To act on an observation like this came naturally to Volvo. The safety mindset has been part of Volvo’s company culture since the beginning. In 1936, Volvo’s founders presented their sales handbook, containing one of the company’s best-known statements, “An automobile is driven by people. The fundamental principle for all construction work is and must therefore be, safety.”

The focus was placed on making sure that every part of every Volvo was designed to be as safe as possible. Safety initiatives took various forms – for example, as far back as the company’s early years in the late 1920s, Volvo was already testing brakes on every wheel of its vehicles.

But perhaps the most important Volvo innovation is the seatbelt. Seatbelts for vehicles had been in use, in one form or another since the mid-19th century. Early versions – like those across laps – helped to keep passengers safe, but there was always room for improvement. Then, in the 1950s, a new safety belt prototype was presented to Volvo. It was handed to engineer Nils Bohlin, who perfected it – and before long, the three-point safety belt was standard in all Volvos. But this was only the beginning.

From Volvo to the world

Bohlin’s version of the seatbelt – according to its patent, “effectively, and in a physiologically favorable manner, prevents the body of the strapped person being thrown forward,” – was effectively gifted to the rest of the industry, and therefore the rest of the world to use, without payment or claims.
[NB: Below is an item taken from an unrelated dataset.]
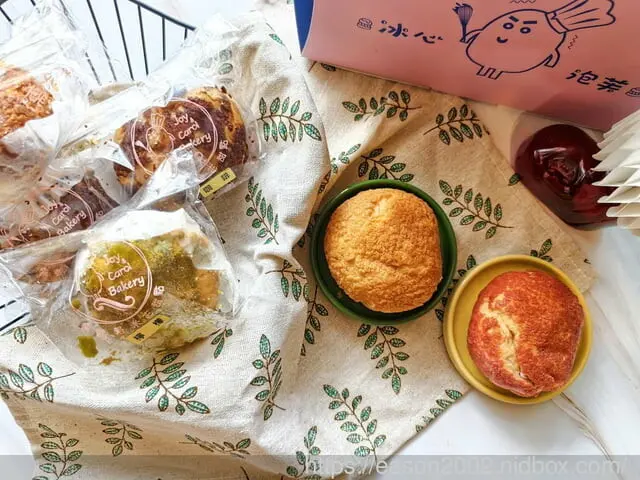 台中市北屯區台中北屯隱藏甜點小店 | 喬凱洛米花甜點 誰說來台中只能買太陽餅 還有超多口味冰淇淋冰心泡芙可以當台中伴手禮首選 吃尬意還可以宅配哦~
You can now find it in the majority of vehicles, old and new, regardless of the manufacturer, and its use is enshrined in law around the globe.

Volvo’s long-term vision of reducing accidents involving Volvo vehicles to zero guides the company into the future, with a stream of totally new safety priorities to address. Not least when it comes to groundbreaking technologies like self-driving vehicles – maybe the safest vehicle of the future will have no safety belt at all?

Buckled up or not, one thing is for sure, safety was and always will be Volvo’s number one priority.